Dataset records: Begin
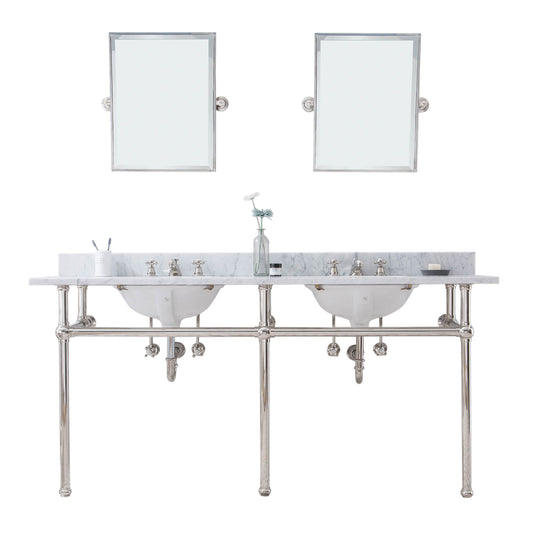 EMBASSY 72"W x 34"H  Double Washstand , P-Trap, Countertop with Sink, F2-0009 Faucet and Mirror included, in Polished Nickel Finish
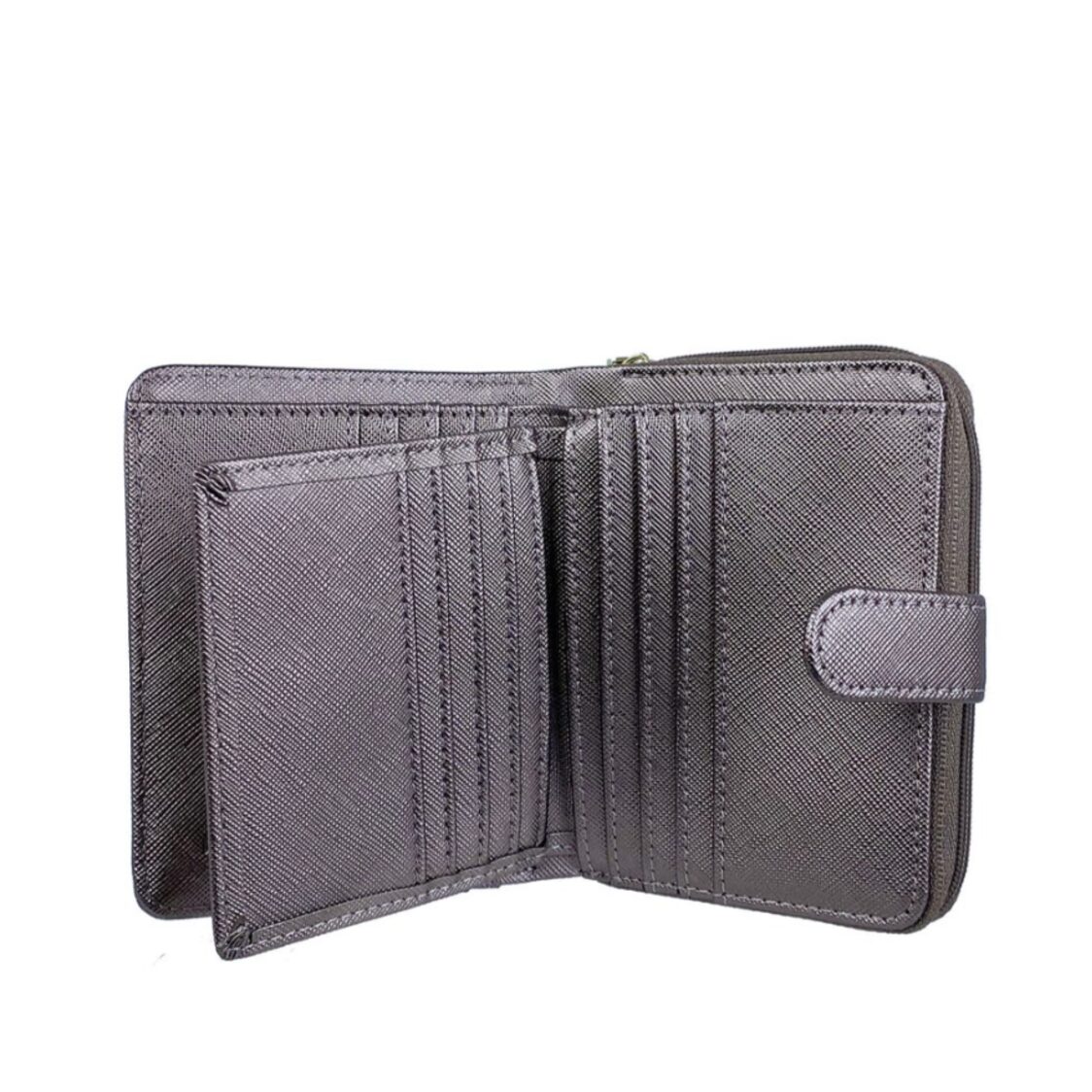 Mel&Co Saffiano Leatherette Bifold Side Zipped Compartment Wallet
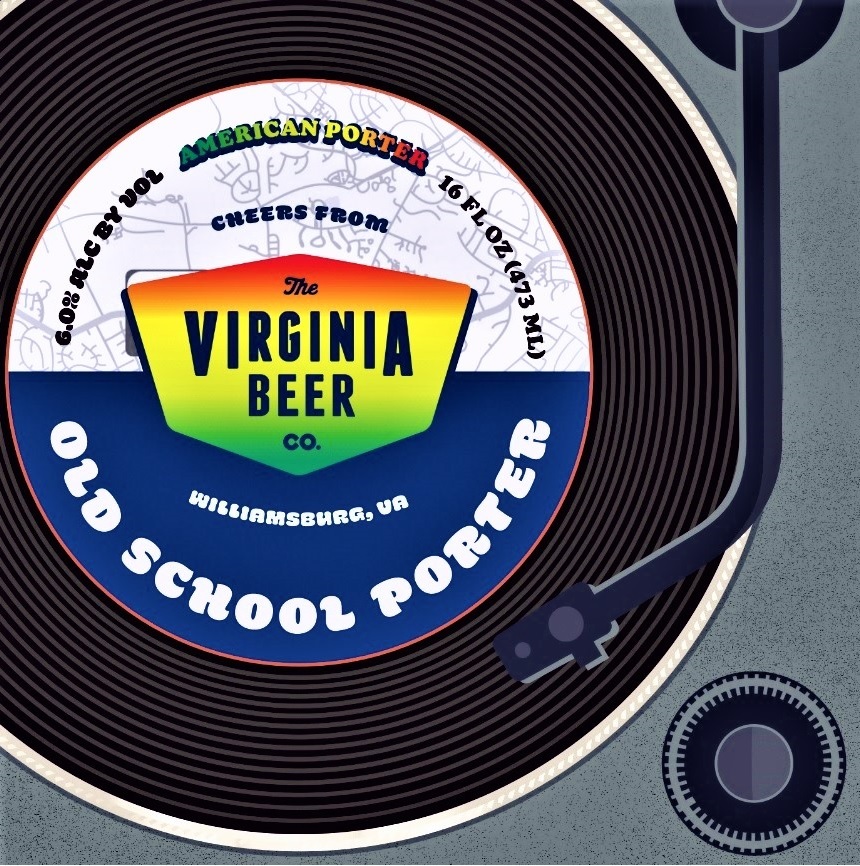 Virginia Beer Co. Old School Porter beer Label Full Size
Dataset records: End
Dataset records: Begin
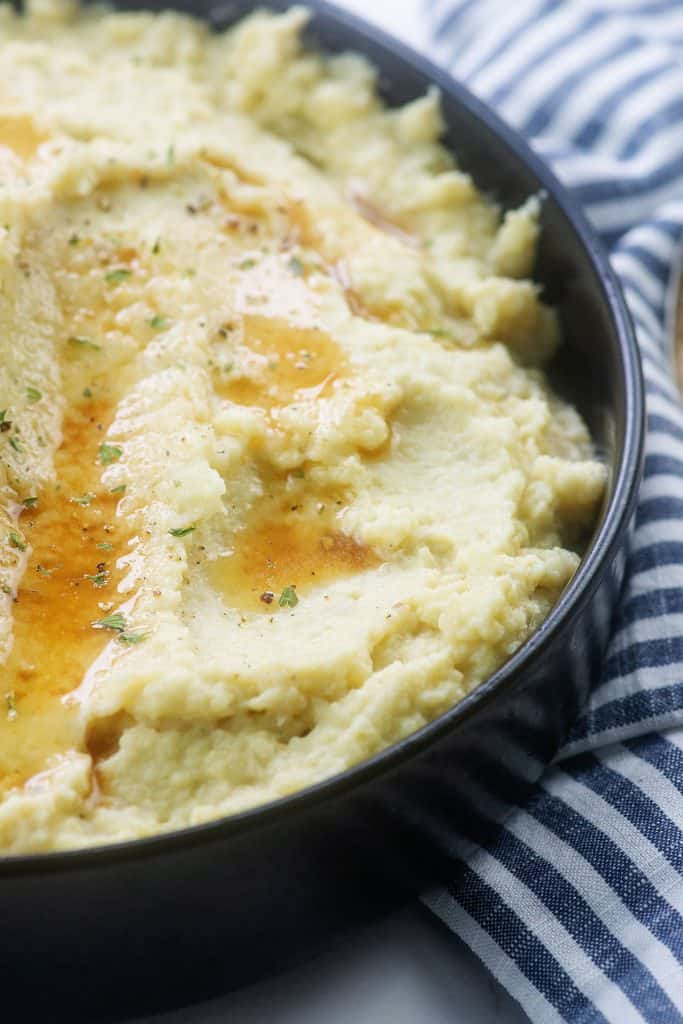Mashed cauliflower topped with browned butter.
Dataset records: End
Dataset records: Begin
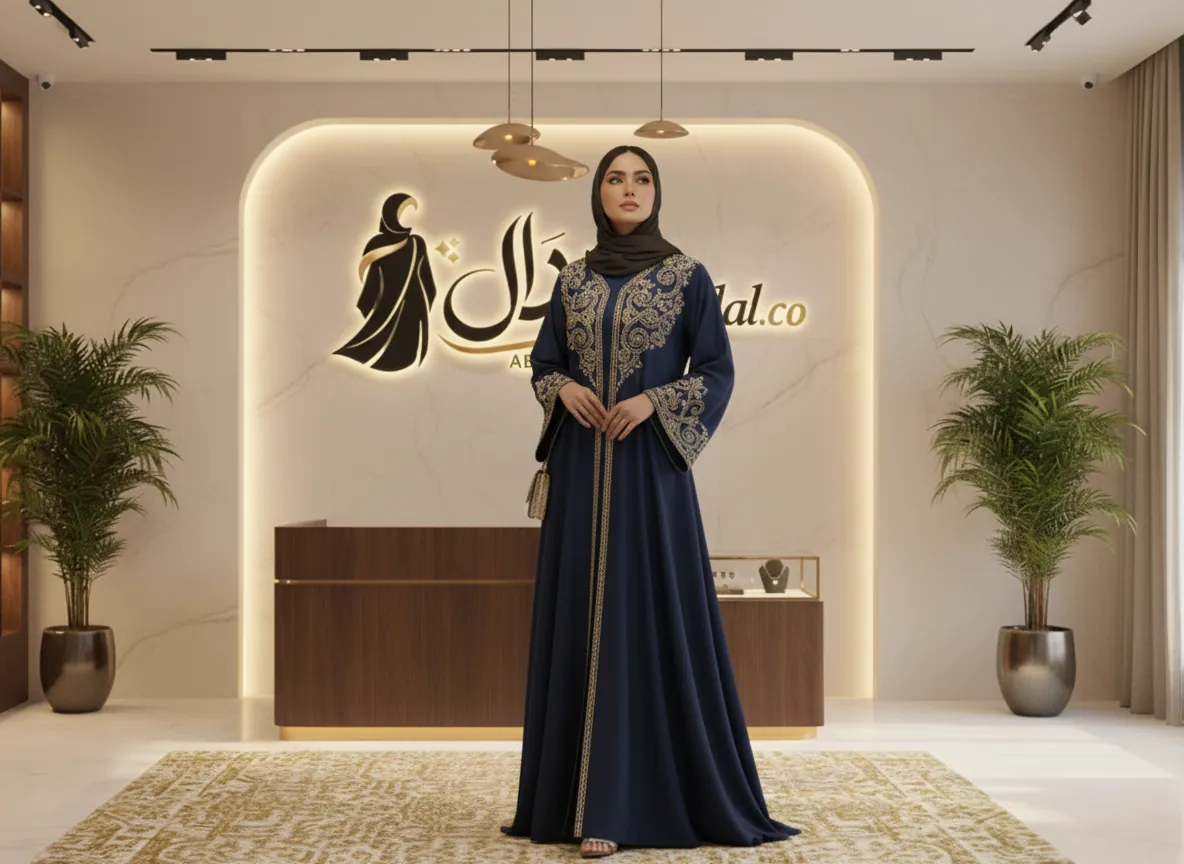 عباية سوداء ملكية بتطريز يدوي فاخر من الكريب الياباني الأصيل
Dataset records: End
Problem statement: Range to copy from the listing above: the line with "Polished Nickel Finish" through the line with "Virginia Beer Co.". Transcribe it exactly and skip the pictures.

Solved problem:
 EMBASSY 72"W x 34"H  Double Washstand , P-Trap, Countertop with Sink, F2-0009 Faucet and Mirror included, in Polished Nickel Finish
 Mel&Co Saffiano Leatherette Bifold Side Zipped Compartment Wallet
 Virginia Beer Co. Old School Porter beer Label Full Size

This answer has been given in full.